Now, let us compare the growth profile of VO, VV, and VB. As can be seen from the table below, VO’s weighted average sales growth of 6.44% and cash flow growth of 5.08% is better than Vanguard Small-Cap ETF's (VB) 4.28% and 3.90% respectively. However, its sales growth rate and cash flow growth rate is slightly less than VV’s 7.04% and 7.75% respectively.
Vanguard Mid-Cap ETF
Vanguard Large-Cap ETF
Vanguard Small-Cap ETF
Sales Growth %
Cash Flow Growth %
Source: Morningstar; Created by author
Will mid-cap ETF or large-cap ETF be a better choice in the next few years?
Looking forward, it is likely that large-cap funds may outperform VO because stocks in these large-cap funds tend to have stronger balance sheets, diversified revenue sources, and competitive positions. As Google’s former CEO Eric Schmidt states, “The strongest brands and the strongest companies will recover more quickly...the industry leader, if it’s well managed, tends to emerge stronger a year later.”

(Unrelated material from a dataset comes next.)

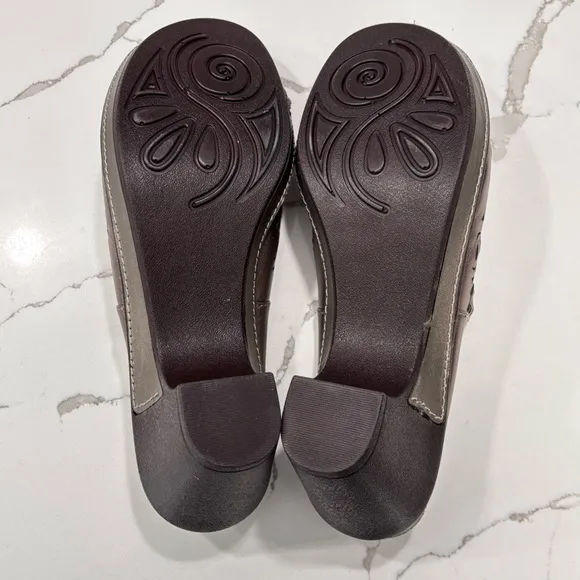 🆕 White Mountain | Gold Platinum Leather Metallic Peep Toe Mule Shoe Size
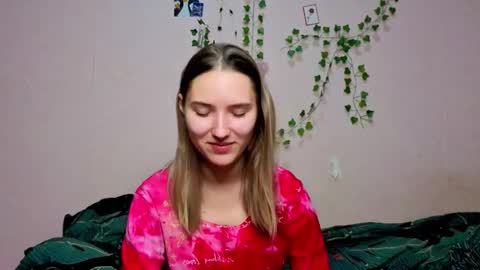 Snapshot of _kikiclark_ chatting on 12-18-25, 08:59 _kikiclark_ online show from 12-18-25, 08:59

VO provides a good vehicle for investors to invest in mid-cap stocks with a low expense ratio of 0.04%. It appears that VO is a better choice than its small-cap peer VB and should continue to generate decent long-term returns when the economy recovers. However, its performance may lag its large-cap peer in a post-pandemic world. Therefore, investors may want to seek large-cap funds instead.